Wednesday, April 29, 2009

Weekly Textile Construction #3

I have now completed 3 weekly explorations which I am calling Textile Constructions. I decided to do another piece utilizing the cleaning agent, Soft Scrub with bleach, and choose a piece of fabric which I had dyed multi-colored. I wanted to see how the SS discharged the various colors.


Using a long piece of Plexiglas as a printing plate, I applied a strip of clear packing tape to the plexi and then a layer of SS. I used a second piece of plexi to smear the SS around a little and then removed the tape. You can see the results in the picture on the right below.


The fabric was pinned to a print board and then the plexi with SS was pressed onto the face of the fabric. I did this twice without adding any additional SS. After a few minutes I rinsed the fabric, soaked it in Anti-chlor and rewashed. You can compare the application of the actual SS with the discharged areas in the next two photos. The one on the right is the finished fabric.


The discharged areas added a nice airy feeling to the patterning on the fabric and I choose to cut the fabric into only a few pieces and reassemble.


These pieces were stitched and quilted in a chunky sort of stipple. Actually, I did not intend the quilting to be a stipple, I was just trying to follow some of the patterning but it looks like stippling.

The composition needed something to give focus and I decided to use my chalk wheel marker and draw a couple of lines which I then stitched. First, I stitched those lines with a double needle and two bright colors of thread but that wasn't strong enough so I ran a number of lines of stitching between those rows of stitching with yellow thread and that did the trick.

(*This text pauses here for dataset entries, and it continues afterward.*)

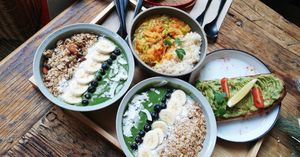 Vegetable curry, green smoothie Bowl and avocado toast at Balance Deli in Frankfurt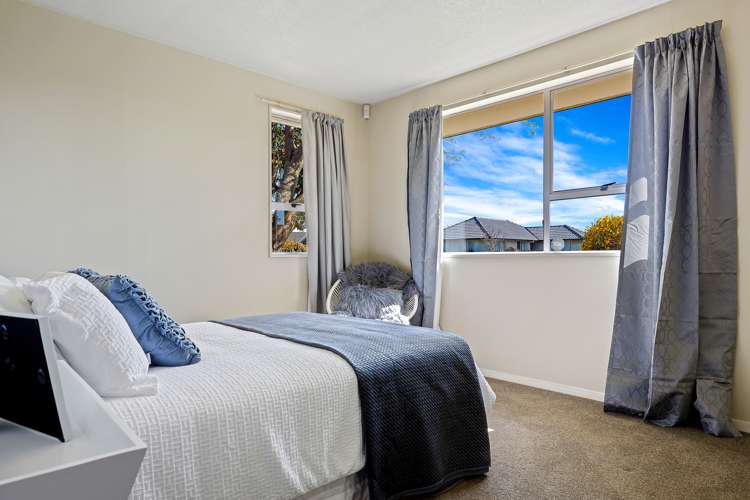 21 Oakley Crescent Hornby_7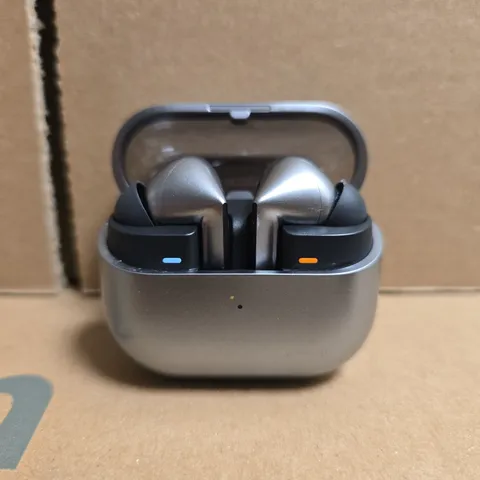 SAMSUNG GALAXY BUDS3 PRO WIRELESS EARBUDS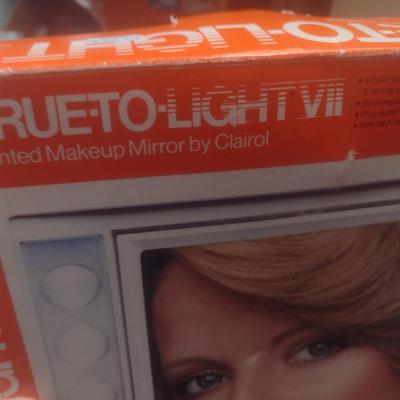 True-To-Light Vll Tinted Makeup Mirror (F)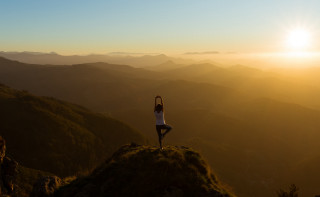 Yoga woman mountain sunset sky - her free wallpaper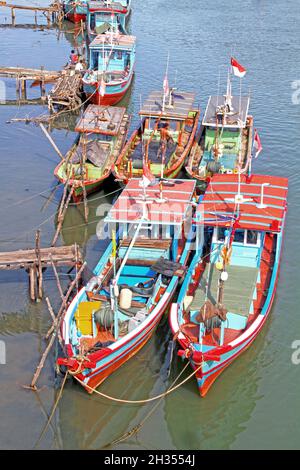 Muaro est un petit vieux port sur la rivière Batang Arau utilisé par de nombreux petits bateaux de pêche en bois dans la partie ancienne de Padang, Sumatra Ouest, Indonésie. Banque D'Images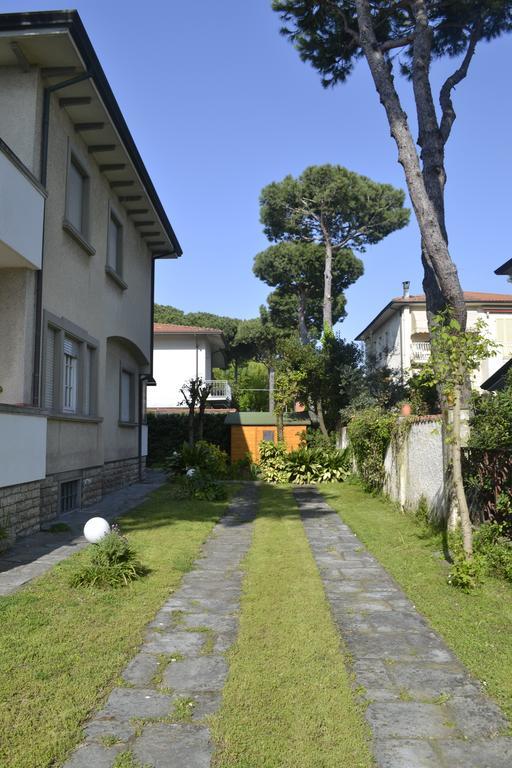 Casa Adriana Villa Lido di Camaiore Exterior photo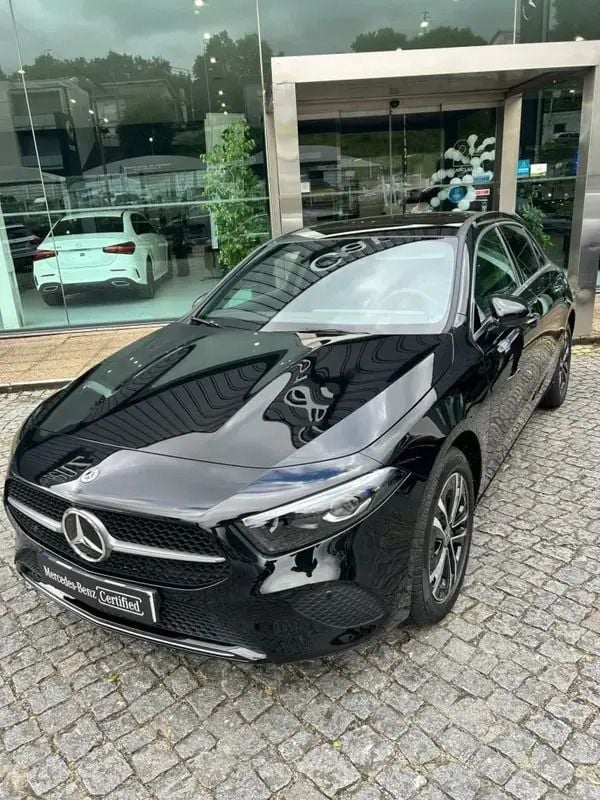 Preto cosmos Usado 2024 Mercedes A250 Advanced Plus Citadino | € 44.990 (Preço justo) - Imagem 1/4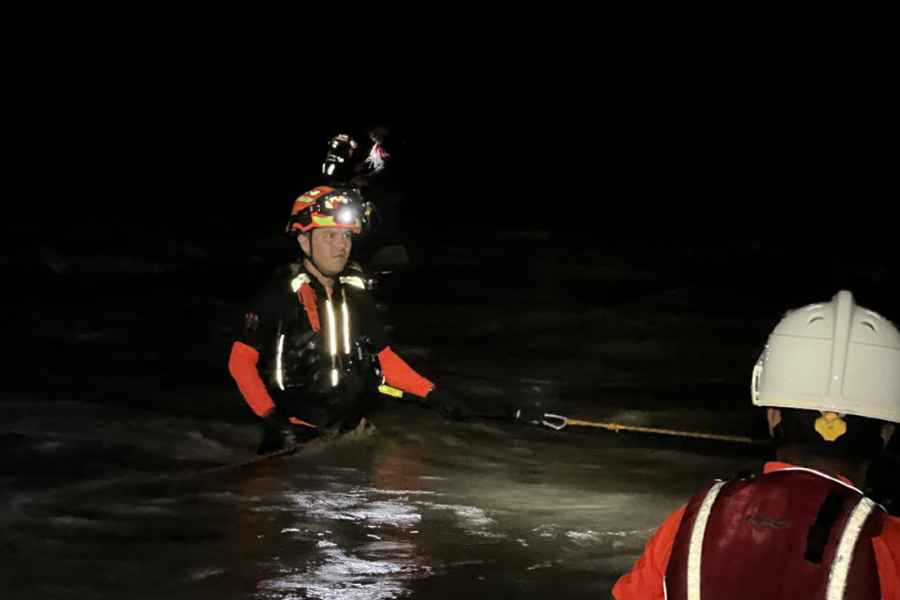 Rescatan a menores Cadereyta (1)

Then, using my 12" x 12" frame, I selected the exact area I wanted to use, marked it with chalk, stitched 1/4" inside that line and cut the piece from the fabric sandwich. The piece was then zig-zagged.


Observations on Textile Construction #3

1. The Soft Scrub was very effective even when applied lightly.

2. The SS discharged all the colors in the multi-colored fabric.

3. The discharged areas added depth to the composition.

4. The use of simple elements with the complex fabric was effective.